Phillips in isolation

Mike Phillips’ confidence and physicality is an opportunity for Ireland as he tends to get involved defensively by filling into the pillar and not remaining neutral. Australia had massive blindsides in the opening minutes but failed to spot a lonely Phillips in isolation. Rewind Ireland!

Ireland should employ a rolling lineout maul going infield to generate a blindside as Phillips tends to defend the blindside in isolation. Their forwards make multiple tackles which forces multiple phases, keeping Welsh backs free. In the past Ireland couldn’t get beyond their forward defence. Australia gained ground when forwards took on the fringe five to ten metres wide and very flat, shifting their feet laterally and offloading to an angled run. Davies is very strong over the tackle. However, Roberts tends to get ahead of 10s in line speed; an opportunity for Irish blindside wingers to expose Biggar.

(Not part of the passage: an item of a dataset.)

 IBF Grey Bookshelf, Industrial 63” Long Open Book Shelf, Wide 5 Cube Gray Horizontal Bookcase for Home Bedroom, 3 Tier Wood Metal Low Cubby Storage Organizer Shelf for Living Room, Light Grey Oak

Without Wyn-Jones, Bradley Davies and especially Lydiate, Wales are weakened. What then will Kidney bring? Only a performance can answer these questions but now the head coach has built a team of coaches around him a poor performance cannot be tolerated. Hence tomorrow is his watershed, where we should no longer be interested in blah, blah, blah answers.

Finally, as Jonny Sexton departs provincial rugby I wonder how his relationship with us over the coming seasons will change? As an outhalf can he maintain the same influence over the Ireland team? Conscious of Ronan O’Gara’s impressive winning averages, Sexton’s relationship with Ireland at the helm now becomes a matter of winning averages with no space for delayed gratification.

PS I wonder what the IRFU’s Philip Browne is going to do with all the money he has saved on Sexton?